Il s’agit donc d’adopter une attitude intérieure responsable, capable d’inspirer un style de vie différent, une sobriété nécessaire de comportements et de consommation, afin de favoriser le bien des générations futures également, en termes de durabilité, de protection des biens de la création, de distribution des ressources et, surtout, d’engagements concrets en vue du développement de peuples et de nations entiers. Pour leur part, les bénéficiaires de la coopération internationale sont appelés à utiliser de façon responsable chaque contribution solidaire « en infrastructures rurales, en systèmes d’irrigation, de transport, d’organisation des marchés, en formation et en diffusion des techniques agricoles appropriées, c’est-à-dire susceptibles d’utiliser au mieux les ressources humaines, naturelles et socio-économiques les plus accessibles au niveau local » (n. 27).

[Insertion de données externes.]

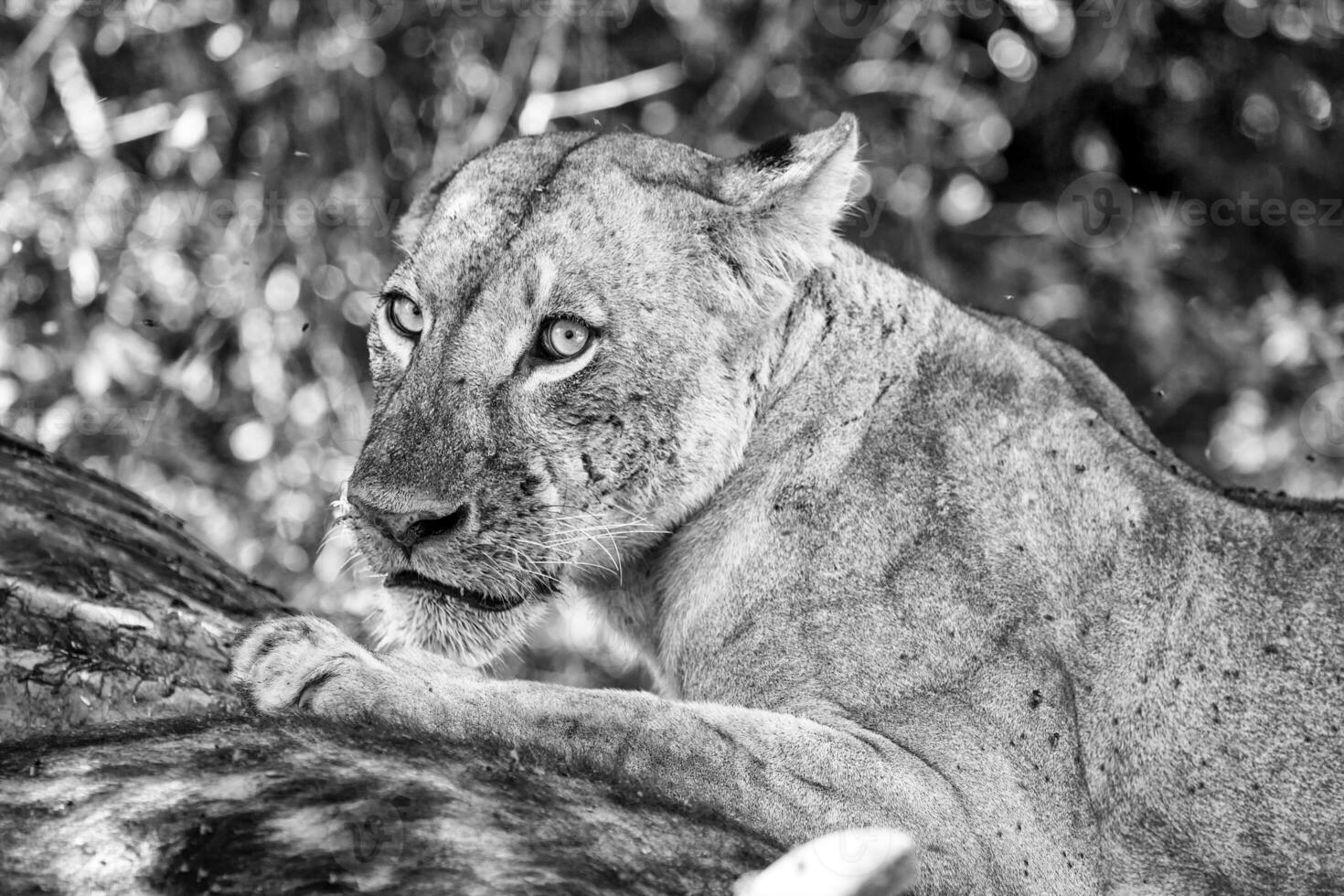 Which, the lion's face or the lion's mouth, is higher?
the lion's face

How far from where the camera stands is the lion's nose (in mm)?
3705

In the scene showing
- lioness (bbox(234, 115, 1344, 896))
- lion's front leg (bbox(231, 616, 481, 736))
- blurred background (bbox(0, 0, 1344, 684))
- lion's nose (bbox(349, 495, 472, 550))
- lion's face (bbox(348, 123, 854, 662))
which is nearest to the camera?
lion's front leg (bbox(231, 616, 481, 736))

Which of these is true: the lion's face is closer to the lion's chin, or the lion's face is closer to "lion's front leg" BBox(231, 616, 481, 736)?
the lion's chin

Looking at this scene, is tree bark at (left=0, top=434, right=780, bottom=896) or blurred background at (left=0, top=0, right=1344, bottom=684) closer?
tree bark at (left=0, top=434, right=780, bottom=896)

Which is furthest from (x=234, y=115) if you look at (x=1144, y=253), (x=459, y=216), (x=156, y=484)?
(x=1144, y=253)

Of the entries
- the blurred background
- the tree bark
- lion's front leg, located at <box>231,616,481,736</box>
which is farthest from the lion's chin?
the blurred background

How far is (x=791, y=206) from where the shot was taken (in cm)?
420

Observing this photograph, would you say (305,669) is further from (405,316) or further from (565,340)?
(405,316)

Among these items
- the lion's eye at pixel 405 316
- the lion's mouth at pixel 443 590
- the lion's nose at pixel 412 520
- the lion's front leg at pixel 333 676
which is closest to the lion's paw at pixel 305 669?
the lion's front leg at pixel 333 676

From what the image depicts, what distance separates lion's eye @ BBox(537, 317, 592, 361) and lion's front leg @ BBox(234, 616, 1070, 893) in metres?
1.00

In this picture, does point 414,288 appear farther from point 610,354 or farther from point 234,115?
point 234,115

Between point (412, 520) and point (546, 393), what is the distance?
1.66 feet

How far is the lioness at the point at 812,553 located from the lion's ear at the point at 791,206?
10 millimetres

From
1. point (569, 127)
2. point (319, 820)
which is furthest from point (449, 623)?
point (569, 127) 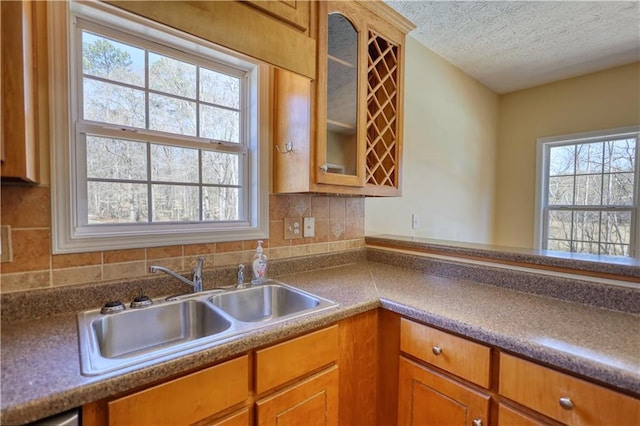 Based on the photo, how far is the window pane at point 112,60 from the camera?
47.0 inches

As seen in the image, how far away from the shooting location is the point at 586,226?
3.04 metres

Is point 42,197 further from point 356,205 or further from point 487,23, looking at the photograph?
point 487,23

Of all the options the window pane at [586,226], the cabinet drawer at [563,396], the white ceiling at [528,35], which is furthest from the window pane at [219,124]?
the window pane at [586,226]

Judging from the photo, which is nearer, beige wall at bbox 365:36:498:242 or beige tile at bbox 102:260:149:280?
beige tile at bbox 102:260:149:280

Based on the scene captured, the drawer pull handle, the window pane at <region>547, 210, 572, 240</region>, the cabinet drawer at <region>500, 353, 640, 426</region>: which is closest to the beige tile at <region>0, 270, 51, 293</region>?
the cabinet drawer at <region>500, 353, 640, 426</region>

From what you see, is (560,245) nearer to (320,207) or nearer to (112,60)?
(320,207)

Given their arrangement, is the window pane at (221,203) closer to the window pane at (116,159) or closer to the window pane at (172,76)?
the window pane at (116,159)

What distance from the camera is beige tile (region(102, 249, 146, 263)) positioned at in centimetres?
117

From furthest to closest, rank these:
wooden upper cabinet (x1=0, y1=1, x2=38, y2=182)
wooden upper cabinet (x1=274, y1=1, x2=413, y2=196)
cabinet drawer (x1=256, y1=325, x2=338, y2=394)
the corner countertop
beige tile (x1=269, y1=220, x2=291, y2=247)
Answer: beige tile (x1=269, y1=220, x2=291, y2=247), wooden upper cabinet (x1=274, y1=1, x2=413, y2=196), cabinet drawer (x1=256, y1=325, x2=338, y2=394), wooden upper cabinet (x1=0, y1=1, x2=38, y2=182), the corner countertop

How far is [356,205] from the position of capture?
2.00 meters

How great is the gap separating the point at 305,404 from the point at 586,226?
342 cm

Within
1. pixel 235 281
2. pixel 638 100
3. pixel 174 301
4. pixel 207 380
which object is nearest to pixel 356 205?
pixel 235 281

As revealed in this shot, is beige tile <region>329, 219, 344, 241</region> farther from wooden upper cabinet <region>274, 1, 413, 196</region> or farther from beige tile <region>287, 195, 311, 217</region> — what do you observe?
wooden upper cabinet <region>274, 1, 413, 196</region>

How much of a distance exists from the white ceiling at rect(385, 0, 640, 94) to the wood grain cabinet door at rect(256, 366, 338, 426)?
2175 mm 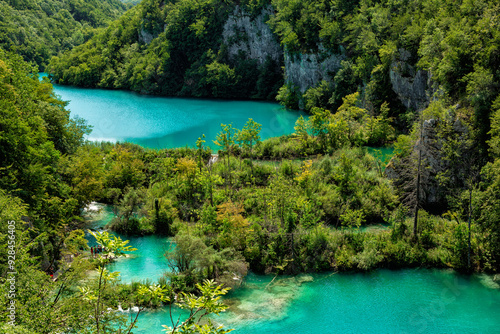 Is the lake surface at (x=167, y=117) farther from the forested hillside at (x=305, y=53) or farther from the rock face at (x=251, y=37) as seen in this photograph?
the rock face at (x=251, y=37)

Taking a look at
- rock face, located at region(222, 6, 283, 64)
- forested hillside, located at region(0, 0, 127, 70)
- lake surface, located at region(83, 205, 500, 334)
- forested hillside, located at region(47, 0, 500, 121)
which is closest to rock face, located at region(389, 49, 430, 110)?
forested hillside, located at region(47, 0, 500, 121)

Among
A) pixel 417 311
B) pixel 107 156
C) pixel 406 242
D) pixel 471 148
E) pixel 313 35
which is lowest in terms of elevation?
pixel 417 311

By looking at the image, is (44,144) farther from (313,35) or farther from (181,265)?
(313,35)

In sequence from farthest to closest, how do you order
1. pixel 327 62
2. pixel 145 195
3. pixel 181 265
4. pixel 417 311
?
pixel 327 62 → pixel 145 195 → pixel 181 265 → pixel 417 311

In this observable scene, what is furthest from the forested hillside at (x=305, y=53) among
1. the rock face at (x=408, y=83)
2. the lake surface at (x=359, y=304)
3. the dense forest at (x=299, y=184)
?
the lake surface at (x=359, y=304)

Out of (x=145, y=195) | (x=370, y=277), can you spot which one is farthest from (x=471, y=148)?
(x=145, y=195)

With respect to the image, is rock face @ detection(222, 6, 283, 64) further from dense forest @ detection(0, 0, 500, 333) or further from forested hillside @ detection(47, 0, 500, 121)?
dense forest @ detection(0, 0, 500, 333) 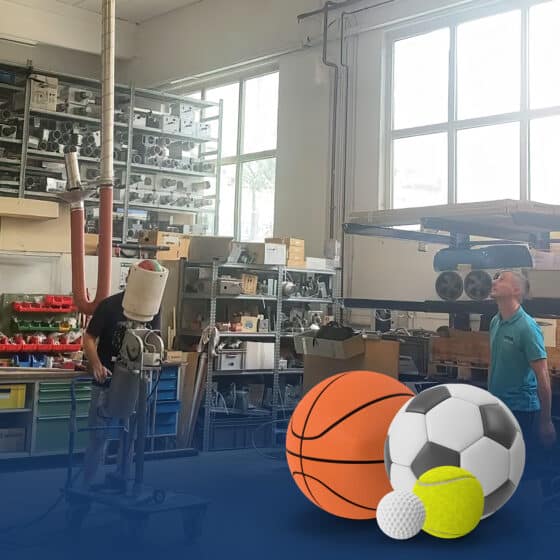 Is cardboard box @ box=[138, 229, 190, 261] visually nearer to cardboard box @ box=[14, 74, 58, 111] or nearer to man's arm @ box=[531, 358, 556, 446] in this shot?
cardboard box @ box=[14, 74, 58, 111]

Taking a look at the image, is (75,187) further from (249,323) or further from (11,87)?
(11,87)

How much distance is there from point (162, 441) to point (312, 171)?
11.7 feet

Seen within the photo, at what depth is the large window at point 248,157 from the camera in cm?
908

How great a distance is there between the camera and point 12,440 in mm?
5422

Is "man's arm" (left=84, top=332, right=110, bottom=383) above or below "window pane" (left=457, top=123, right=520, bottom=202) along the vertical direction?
below

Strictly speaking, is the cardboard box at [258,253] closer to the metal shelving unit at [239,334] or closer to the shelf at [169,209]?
the metal shelving unit at [239,334]

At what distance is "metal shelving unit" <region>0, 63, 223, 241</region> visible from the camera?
325 inches

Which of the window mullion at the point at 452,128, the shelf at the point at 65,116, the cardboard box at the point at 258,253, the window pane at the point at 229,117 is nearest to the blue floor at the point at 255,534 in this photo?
the cardboard box at the point at 258,253

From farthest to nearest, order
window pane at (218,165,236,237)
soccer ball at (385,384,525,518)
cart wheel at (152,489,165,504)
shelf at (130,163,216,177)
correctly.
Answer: window pane at (218,165,236,237) → shelf at (130,163,216,177) → cart wheel at (152,489,165,504) → soccer ball at (385,384,525,518)

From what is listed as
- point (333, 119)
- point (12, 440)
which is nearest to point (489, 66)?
point (333, 119)

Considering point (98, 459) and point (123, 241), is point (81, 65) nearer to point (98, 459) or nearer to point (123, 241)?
→ point (123, 241)

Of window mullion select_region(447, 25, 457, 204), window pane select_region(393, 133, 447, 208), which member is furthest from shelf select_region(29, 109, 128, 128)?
window mullion select_region(447, 25, 457, 204)

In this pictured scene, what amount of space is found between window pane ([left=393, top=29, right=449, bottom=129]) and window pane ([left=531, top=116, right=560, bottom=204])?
100 cm

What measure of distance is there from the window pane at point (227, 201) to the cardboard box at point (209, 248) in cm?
273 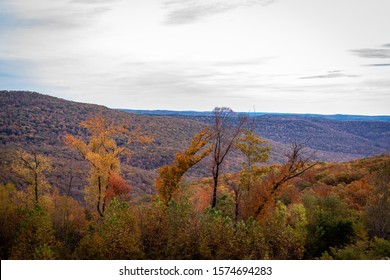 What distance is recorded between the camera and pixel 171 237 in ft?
61.6

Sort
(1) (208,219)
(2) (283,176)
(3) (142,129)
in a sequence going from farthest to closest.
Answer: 1. (3) (142,129)
2. (2) (283,176)
3. (1) (208,219)

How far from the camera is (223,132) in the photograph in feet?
82.3

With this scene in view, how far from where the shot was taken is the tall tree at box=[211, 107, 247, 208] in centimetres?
2466

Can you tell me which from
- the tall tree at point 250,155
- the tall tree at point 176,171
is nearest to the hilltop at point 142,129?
the tall tree at point 176,171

4. Tout cela pourra se réaliser si les institutions internationales sauront garantir leur service de façon impartiale et efficace, mais dans le plein respect des convictions les plus profondes de l’âme humaine et des aspirations de chaque personne. Dans cette perspective, la FAO pourra contribuer à garantir un niveau d’alimentation adéquat pour tous, à renforcer les méthodes de culture et de commercialisation et à protéger les droits fondamentaux de ceux qui travaillent la terre, sans jamais oublier les valeurs les plus authentiques dont le monde rural et ceux qui y vivent sont les gardiens.

L’Eglise catholique est proche des organisations qui œuvrent pour garantir l’alimentation. A travers ses structures et ses agences de développement, elle continuera à les accompagner de façon concrète dans cet effort afin que chaque peuple et communauté dispose de la sécurité alimentaire nécessaire, qu’aucun compromis ni négociation, si importants soient-ils, ne pourra garantir sans une réelle solidarité et une authentique fraternité. « L’importance de cet objectif est telle qu’elle exige que nous la comprenions pleinement et que nous nous mobilisions concrètement avec le “cœur”, pour faire évoluer les processus économiques et sociaux actuels vers des formes pleinement humaines » (Caritas in veritate, n. 20).

Avec ces sentiments, je vous souhaite, Monsieur le directeur général, de poursuivre votre engagement en faveur des personnes les plus indigentes, qui a caractérisé ces années de responsabilité et de dévouement, tandis que j’invoque sur la FAO, sur chacun des Etats-membres et sur tout le personnel, d’abondantes Bénédictions du Tout-Puissant.